According to the Employment Security Department, an individual is typically eligible to receive up to 26 weeks of unemployment benefits if he was laid off from a job he worked at for at least four of the five preceding quarters. In some instances, an individual who is fired without just cause may also be eligible for unemployment benefits. If an individual quits a job, he is usually not entitled to benefits, though he may make a case to his state employment board.
A variety of factors impact an individual’s ability to qualify for, apply for and receive unemployment benefits. Unemployment benefits are cash subsidies paid by individual state governments to unemployed workers who were previously employed and terminated by a company that paid for unemployment insurance. Unemployment benefits are finite and recipients must actively look for work during the time they receive benefits. Unemployment benefits and eligibility requirements vary from state to state. In times of high unemployment, benefit periods may be extended.

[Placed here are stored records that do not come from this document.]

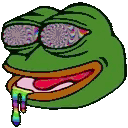 FeelsHighMan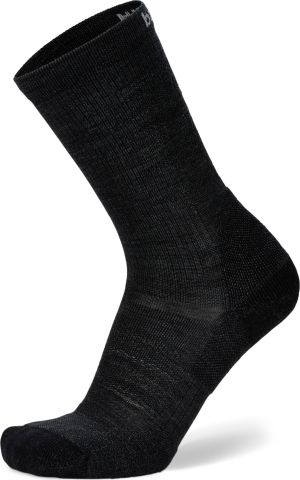 Balega Hike Crew Jet Black M (39-41)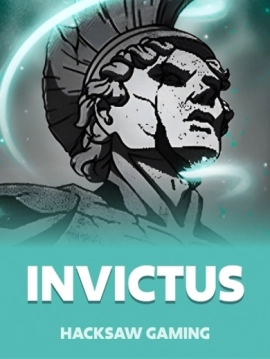 game-title
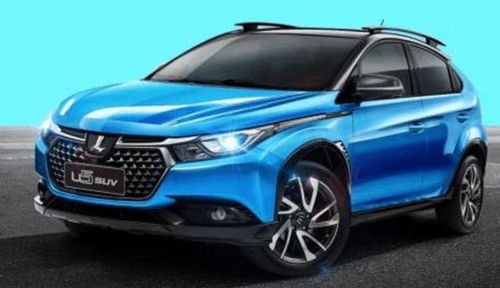 suv汽车的油耗多少 suv汽车的油耗多少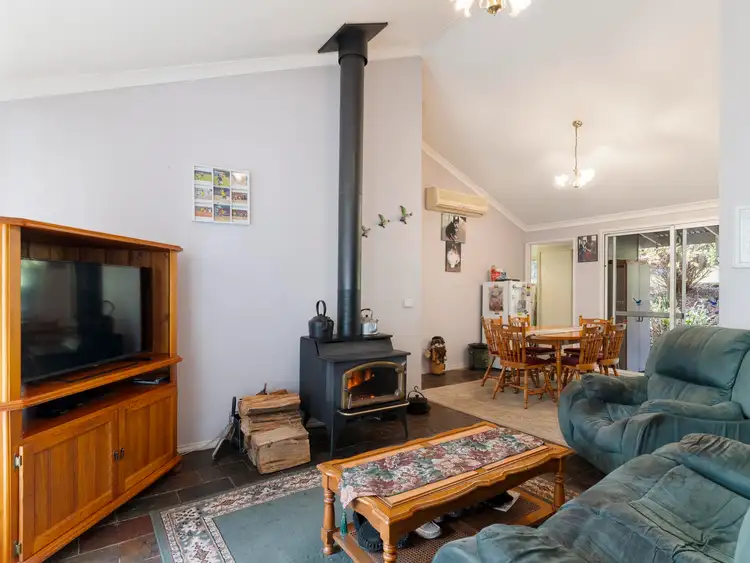 Fourth view of Homely house listing, 62 Castle Drive, Tarleton TAS 7310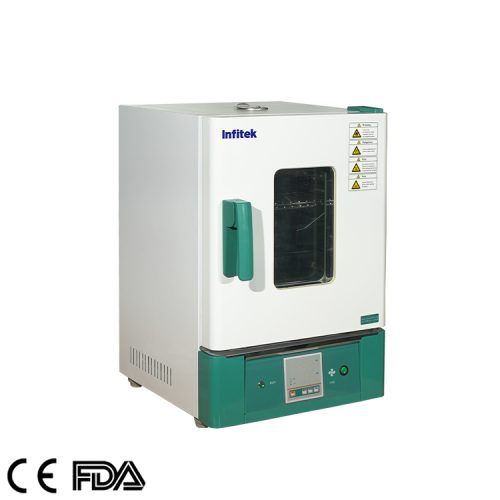 Forced-Air-Drying-Oven-DOF-85E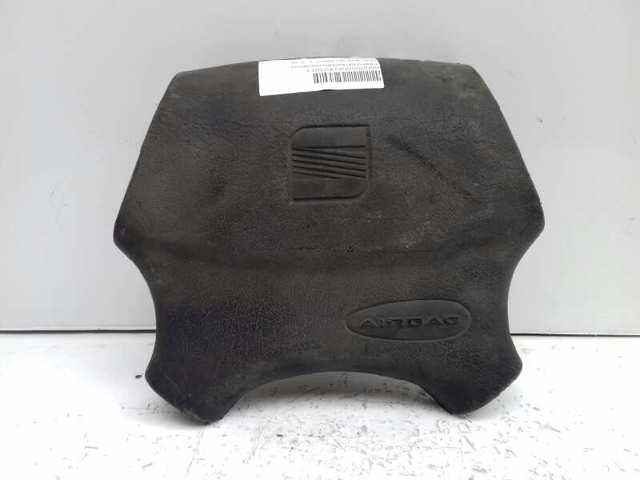 Airbag de volante para assento toledo (1l) (1996-2001) 1L0880201
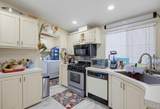 13655 Highway 8 Business - Photo 18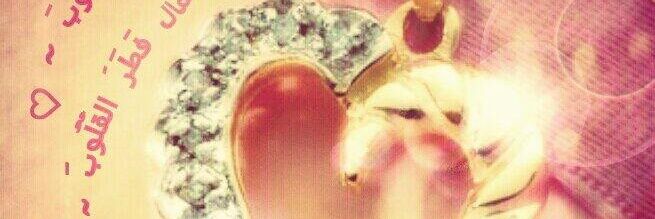 ThinkingAysha's profile banner image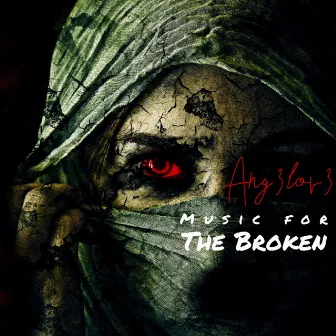 Music for the Broken by Ang3Lov3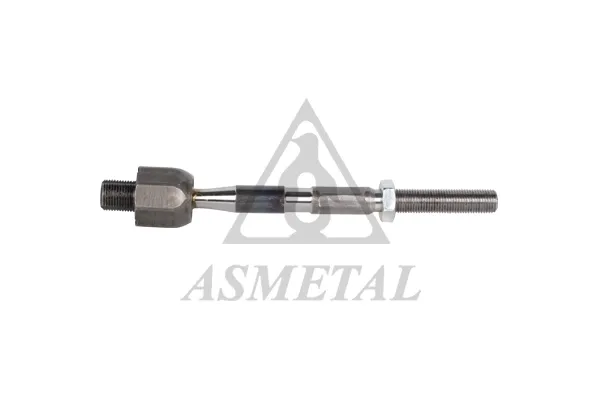 Рульова тяга 20BM2000 As Metal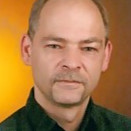 Anton Bißwanger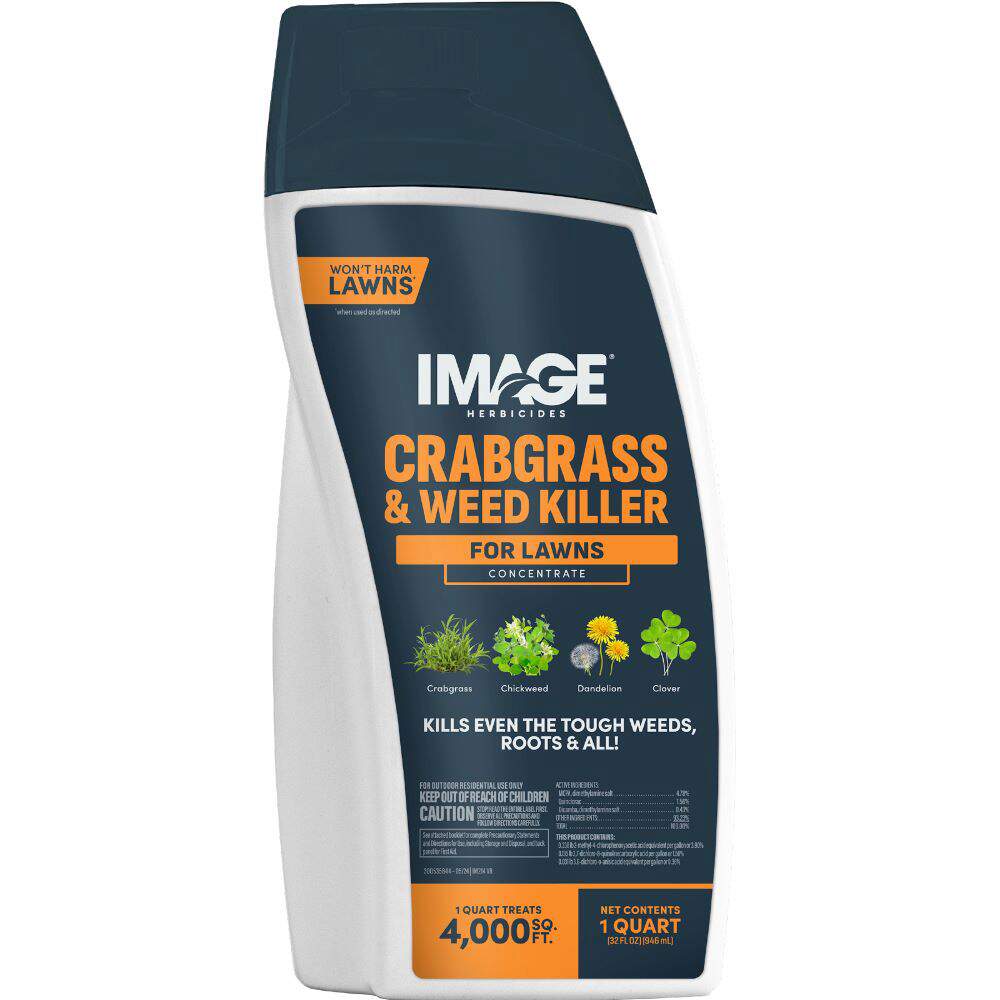image-crab-weed-killer-concentrate-front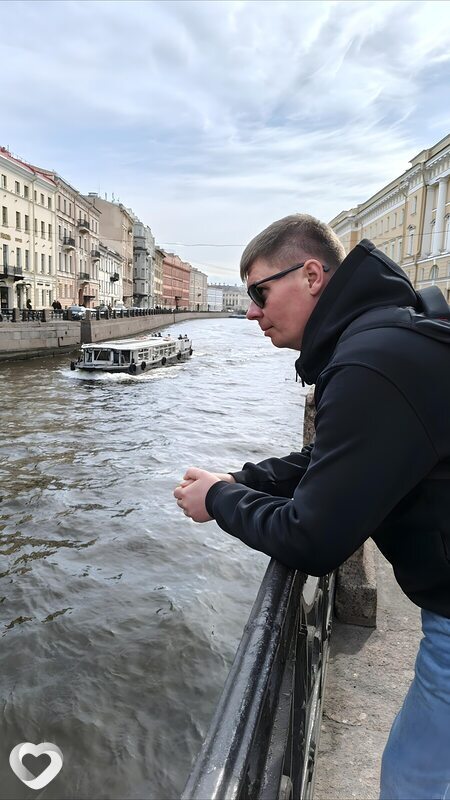 Виталий, Артем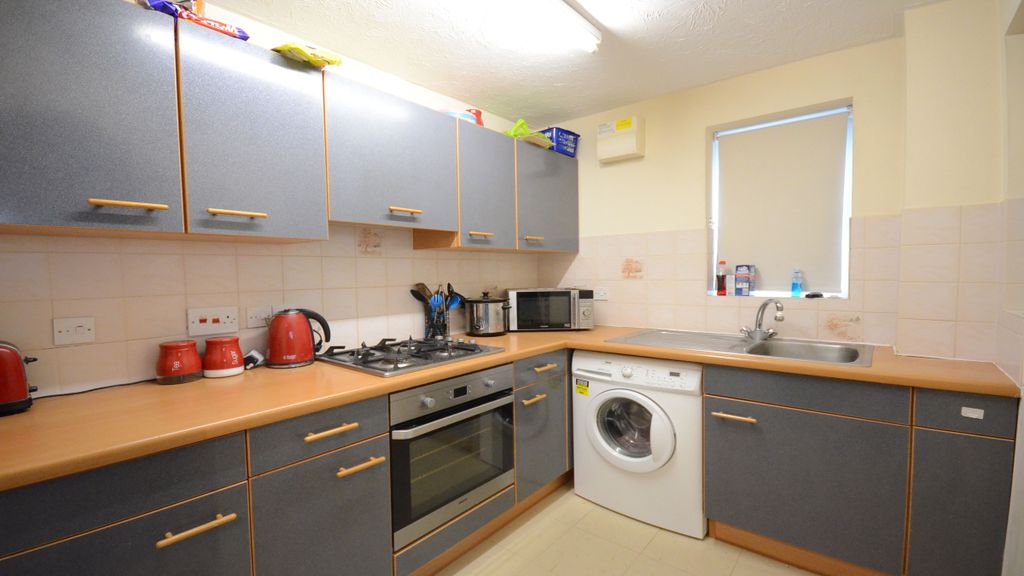 Property photo 2 of 7 Kitchen_Result.Jpg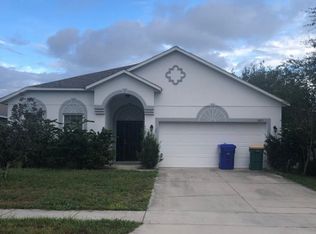 2493 Martins Run, Tavares, FL 32778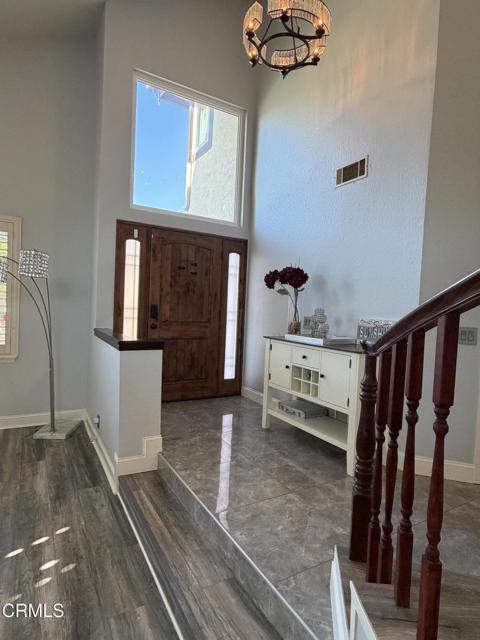 Foto del edificio - 1940 Kensington Ln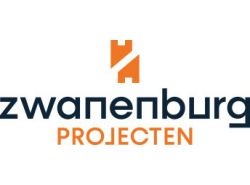 zwanenburg-logo1-10-344x144 zwanenburg-logo1-10-344x144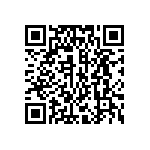 LELZXK21-1REC5-37198-80 QRCode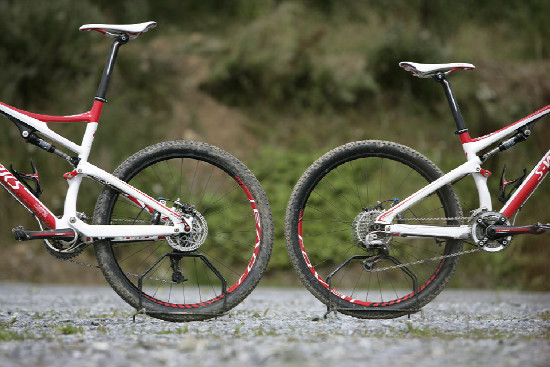 Epic 2011 na X způsobů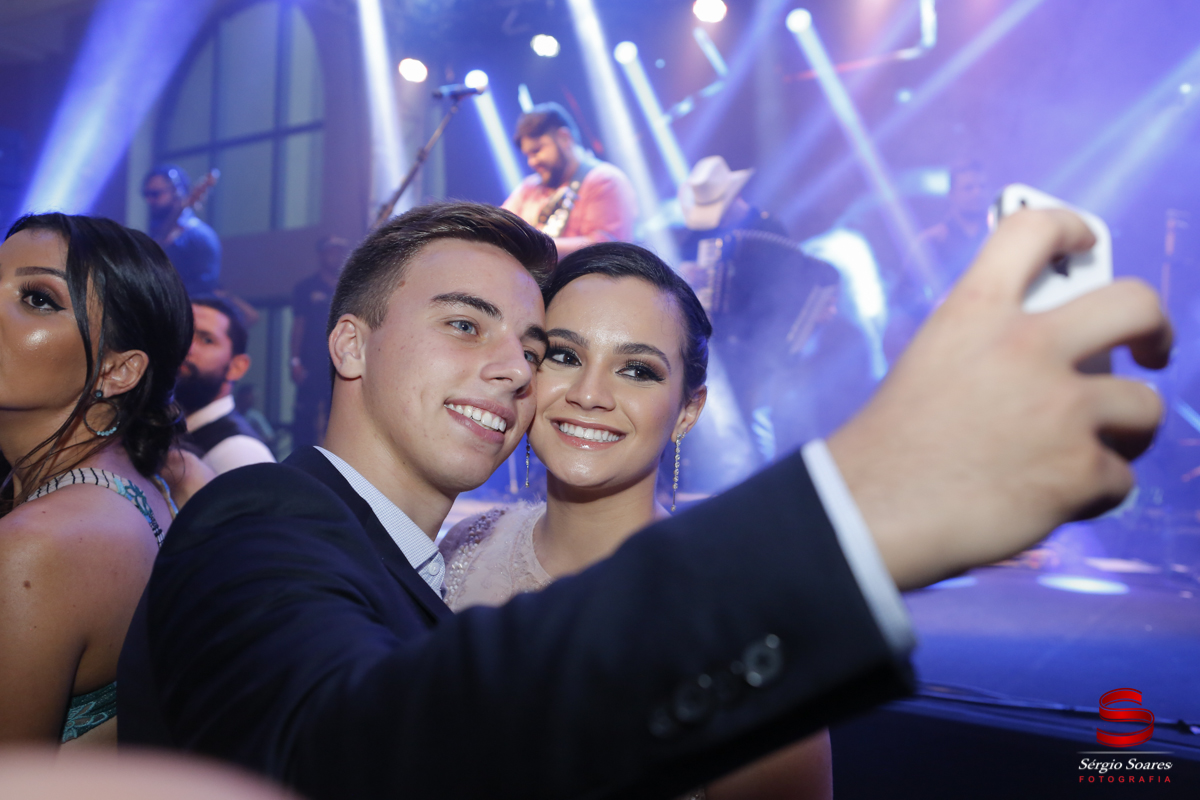 fotografia-fotografo-sergio-soares-cuiaba-aniversario-fotos-de-casamento-niver-50-anos-fernando-scheffer-cesar-menotti-fabiano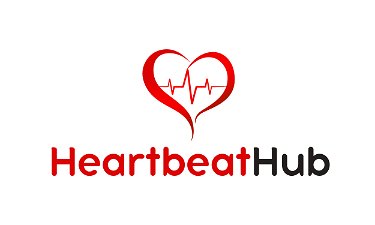 HeartbeatHub.com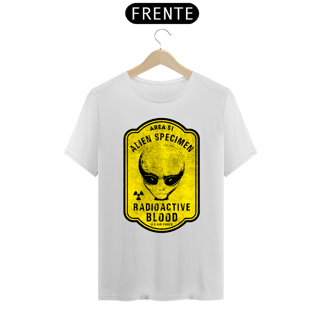 Nome do produto ZoomBizz Radioactive Blood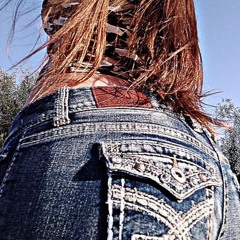 FANTAsea w/ f9tty & mercedez (prod. by @nottyourkiddo)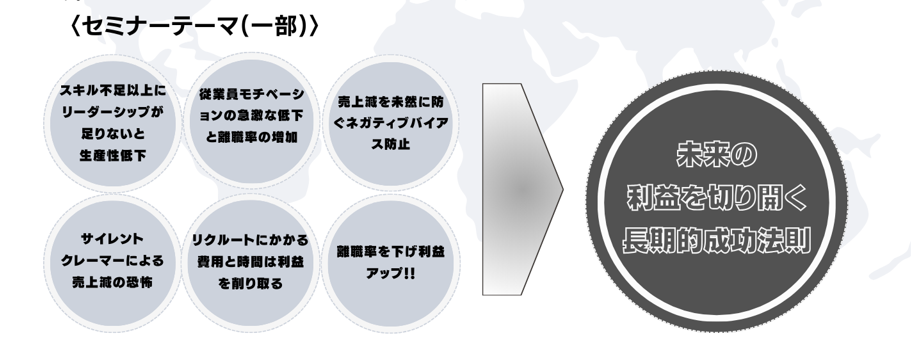 スクリーンショット 2024-03-14 155544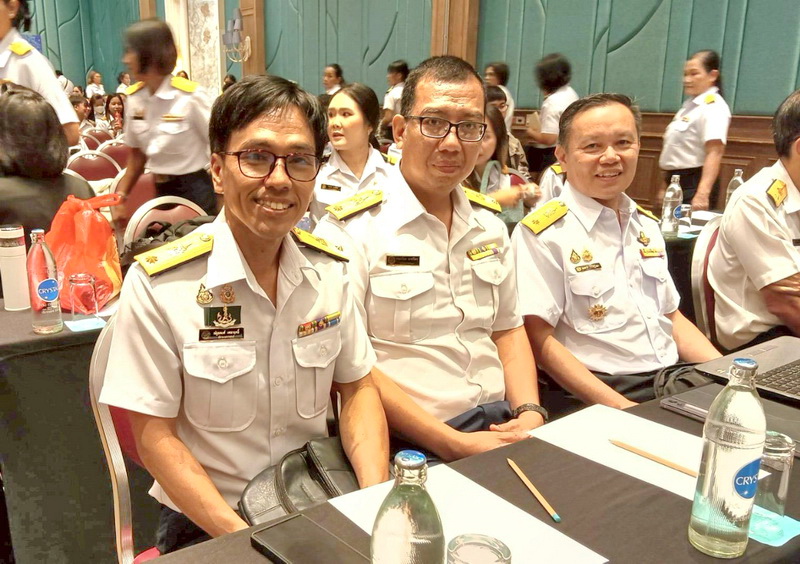 รูป ประกอบบทความ6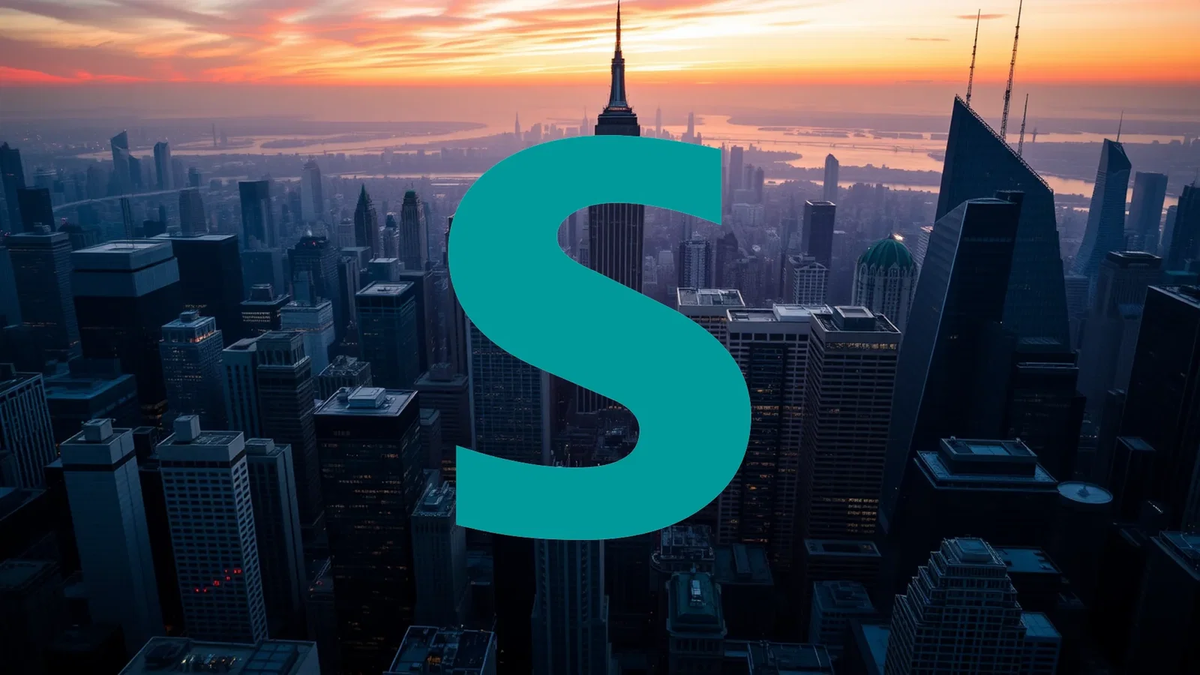 Diverging Analyst Views and Insider Confidence Ahead of Siemens Quarterly Report - Foto: über boerse-global.de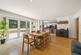 Additional image 6 of Lebanon Drive, Cobham, Surrey, KT11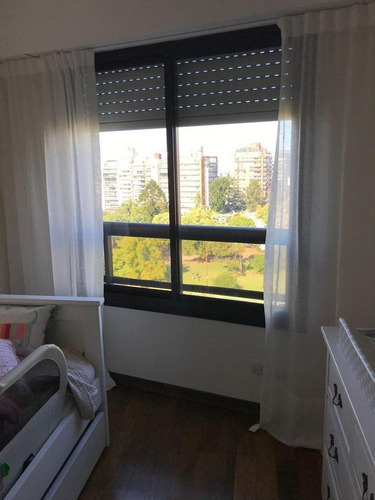 Imagen 13 de 19 de Departamento - Villa Biarritz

Independent contractors or freelancers who are self-employed are not typically eligible for unemployment benefits. This is because independent contractors do not usually pay into the unemployment insurance system and are therefore not insured by any particular company or organization.
Temporary Contract Jobs
Temporary contract jobs, such as seasonal retail help, may be accepted by individuals receiving unemployment without the risk of losing unemployment benefits. Typically, an individual’s unemployment compensation will be reduced or eliminated during the time he is working a temporary position, depending on how much he is earning. Once the temporary contract work ends, he may go back to collecting full unemployment benefits for the duration of his eligibility period, provided he still meets qualifying criteria. A claim that is temporarily halted may need to be reinstated to get payments started again.
Exception to the Rule
An individual who works a temporary contract job before filing for unemployment benefits as the result of job loss from a full-time position may not be eligible to receive benefits. A contract job is typically considered an independent contractor position where the employer is not obligated to pay the independent contractor’s taxes, health benefits or unemployment insurance. A determination of eligibility in this type of case is decided by a state’s unemployment bureau and is based on the length of the temporary contract job and the length of previous full-time employment.